Edvard Grieg (1843-1907) brought the music of Norway out of the shadow of the other Scandinavian countries. Musically educated at the Leipzig Conservatory, he returned home having met a world of international composers from England’s Arthur Sullivan, Denmark’s Niels Gade, and having heard Clara Schumann play her late husband’s piano concerto. It was in Rome that he met the great Norwegian dramatist Henrik Ibsen. He also met a young Norwegian, Rikard Nordraak, who showed him the great potential of the folk music of his home country. With this background, Grieg set out to establish a kind of national musical movement in Norway.
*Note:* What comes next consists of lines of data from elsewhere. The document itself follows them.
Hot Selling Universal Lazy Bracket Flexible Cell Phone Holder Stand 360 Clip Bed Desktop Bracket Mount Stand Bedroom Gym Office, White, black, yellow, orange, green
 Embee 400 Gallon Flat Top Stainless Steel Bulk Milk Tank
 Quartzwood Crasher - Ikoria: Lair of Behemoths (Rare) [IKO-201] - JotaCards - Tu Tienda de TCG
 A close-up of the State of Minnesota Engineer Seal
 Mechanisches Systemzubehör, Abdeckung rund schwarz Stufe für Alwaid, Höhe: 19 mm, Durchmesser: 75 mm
This was helped by the establishment of the Norwegian Academy of Music in 1867.
Grieg looked at the Norwegian writer Ludvig Holberg (1684-1754) and wrote a five-movement suite in honor of the celebrations for Holberg’s bi-centenary in 1884. Holberg was roughly a contemporary of J.S. Bach (1685-1750) and so Grieg used the Baroque dance forms of Bach’s time for his inspiration. The movements are: Praeludium, Sarabande, Gavotte, Air, and Rigaudon.
In the work, Grieg was attempting to write in the style of Holberg’s time, using what he knew about that music. So much more research into Baroque music has been accomplished since the mid-19th century that if Grieg were writing today, he’d probably write a very different work. Nonetheless, we hear this as a work of neo-classicism (just as we hear Stravinsky’s 1920 ballet Pulcinella, based on works by the 18th century composer Giovanni Pergolesi and others as neo-classical) – it might not sound like the music of Holberg’s/Bach’s time but it also doesn’t sound like the late nineteenth century, either.
Originally written for piano, the work was adapted by Grieg in 1885 for string orchestra, the form in which it is best known today. The lovely Praeludium starts us off rather like a toccata – briskly marching forward in the style of Bach or Scarlatti – but with distinctly Grieg-ian melodies and harmonies. Although the original titles of the work show its historical derivation: “Suite in the Olden Style” became “From Holberg’s Time” became “The Holberg Suite”, the work is not of the 18th century but purely of today.
This 1959 recording has British conductor Alexander Faris (1921-2015) leading the Sinfonia of London. Mr. Faris was known for his conducting and composing, being best known for his creation of the theme for Upstairs, Downstairs for the BBC. As a conductor, he conducted operas and ballet companies, including the Carl Rosa Opera Company and the Royal Ballet.